Redaktor und Moderator

André Ratti kam 1971 zum Schweizer Fernsehen DRS ins Ressort "Naturwissenschaften, Technik, Medizin". Als Redaktor verantwortete er zuerst das Kulturmagazin "Perspektiven", das sämtliche Themen des Ressorts abdecken sollte. Ratti verlor bald alle Illusionen über den Wert seiner Arbeit, die seiner Meinung nach mit ihrem breiten Themenspektrum "gar nichts auslöste". Er gehörte dann zum Gründungsteam des Magazins "Menschen Technik Wissenschaft" (MTW), das am 8. Januar 1975 startete und über 30 Jahre lang Bestand hatte. In der Deutschschweizer Öffentlichkeit wurde Ratti als angriffiger Moderator des Magazins unglaublich populär. Er gestaltete über 60 eigene MTW-Beiträge und ausserdem mehrteilige Serien wie beispielsweise "Und sie bewegt sich noch..." über die Ökologie unseres Planeten. Für den Dokumentarfilm "Ratten wie Du und ich - Bilder eines Ekeltieres" erhielt Ratti einen Fernsehpreis. Immer wieder griff der Vielleser aktuelle Sachthemen auf, die seiner unkonventionellen Weltanschauung entsprachen: so etwa die eigenartigen Thesen des Psychiaters und Sexualforschers Wilhelm Reich.

Ratti war sehr chaotisch und oft auch gereizt. Mitten in einem Live-Gespräch mit dem Nobelpreisträger Werner Arber fielen ihm die Notizen unter den Tisch, und während er sie am Boden suchte, sprach Arber seelenruhig weiter.

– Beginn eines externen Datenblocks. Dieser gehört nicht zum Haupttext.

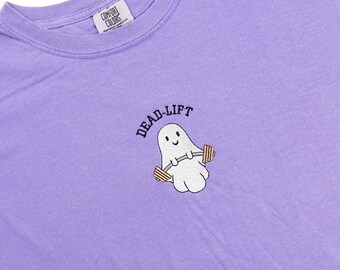 Ghost Dead Lift Halloween Tee | Halloween Tee | Ghost Shirt | Embroidered Halloween | Halloween Embroidery | Embroidered | Aesthetic T-shirt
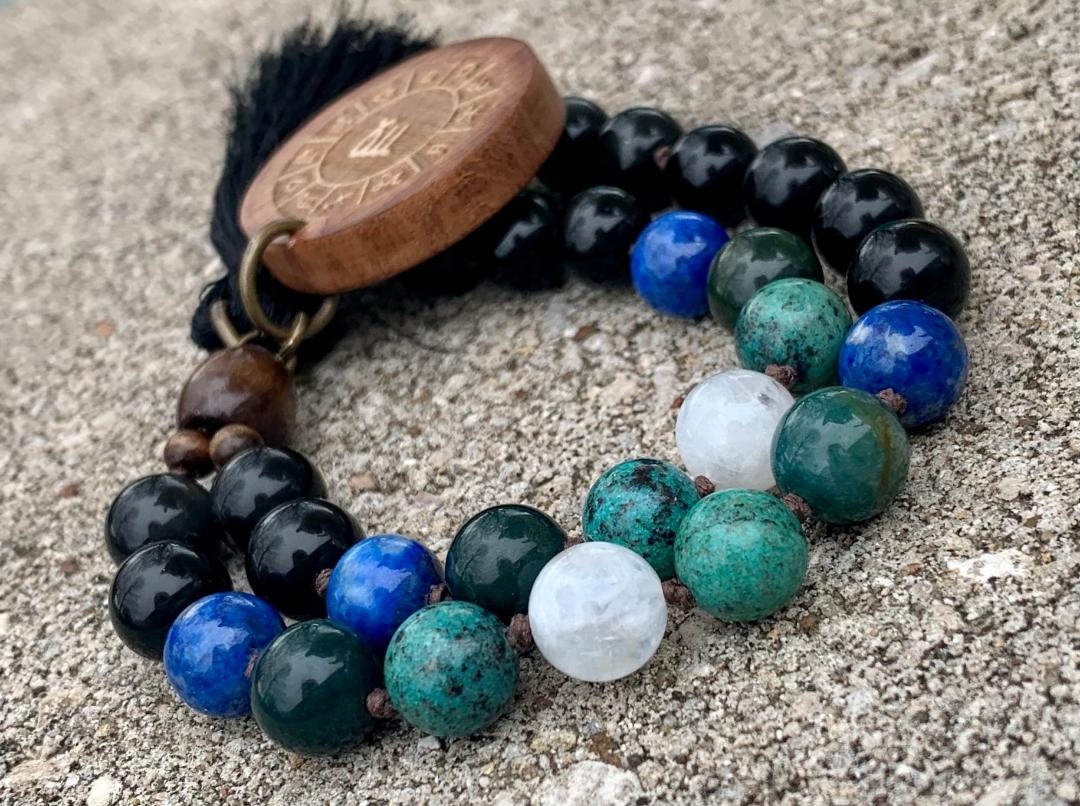 Virgo Energy Car Charm " The Humble Virgo " August & September Birthday - Crystal Healing Gemstones - Rear View Mirror Zodiac Car Ornament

Legendär sind Rattis cholerische Ausbrüche im Studio Leutschenbach, wo er gelegentlich wutentbrannt im Gang das Magazin einer Schreckschusspistole leerschoss und einmal nur zu beruhigen war, indem ihm ein Kollege einen vollen Papierkorb über den Kopf stülpte. In seinem letzten Fernsehjahr arbeitete André Ratti als Redaktor und Moderator des Kulturmagazins "Schauplatz".